The Texas Board of Professional Engineers on May 26 reprimanded the former engineering manager at American Traffic Solutions (ATS) for misconduct related to a red light camera study in the city of Magnolia. Robert B. Zaitooni worked for ATS from 2009 to 2014 producing the formal documentation that many states require before automated ticketing machines can be installed.
"Based upon the complainant's allegations, it appears you conducted engineering and related business affairs in an unprofessional manner by failing to include your Texas engineer seal, signature and date on the drawings," the board's compliance director CW Clark wrote in an October 22, 2015 notice of violation to Zaitooni. "Such actions show a lack of care and diligence in the practice of engineering. Further, you failed to include the firm registration number for ATS on the drawing. Such actions would appear to be violations of the Texas Engineering Practice Act and board rules."

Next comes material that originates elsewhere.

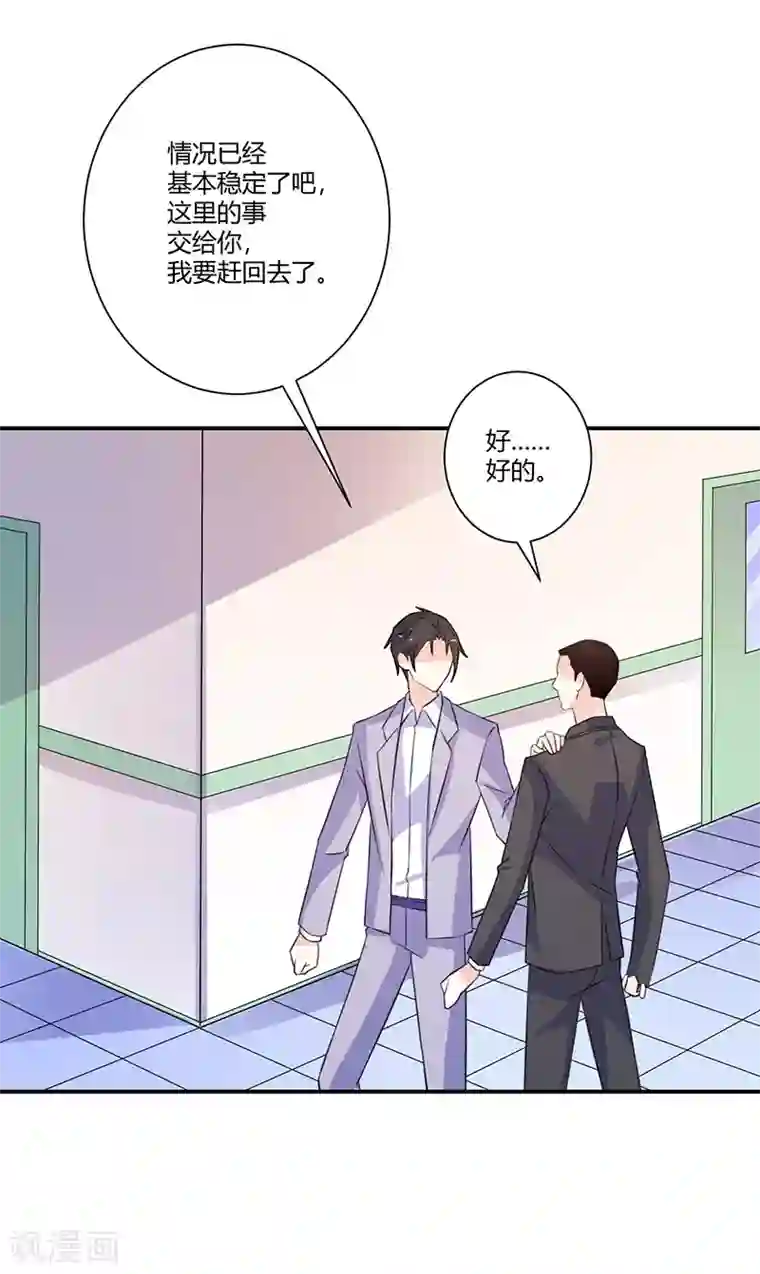 攻妻不备第59话 让她现出原形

ATS had asked Zaitooni to create a report that would justify installing a red light camera in the city of Magnolia at the intersection of Magnolia Boulevard and Melton Street. A local engineer wanted to see what justifications were made for the camera, so he asked the city for a copy. He received an installation drawing and some informal notes that did not address possible engineering alternatives to cameras, as required by the state legislature.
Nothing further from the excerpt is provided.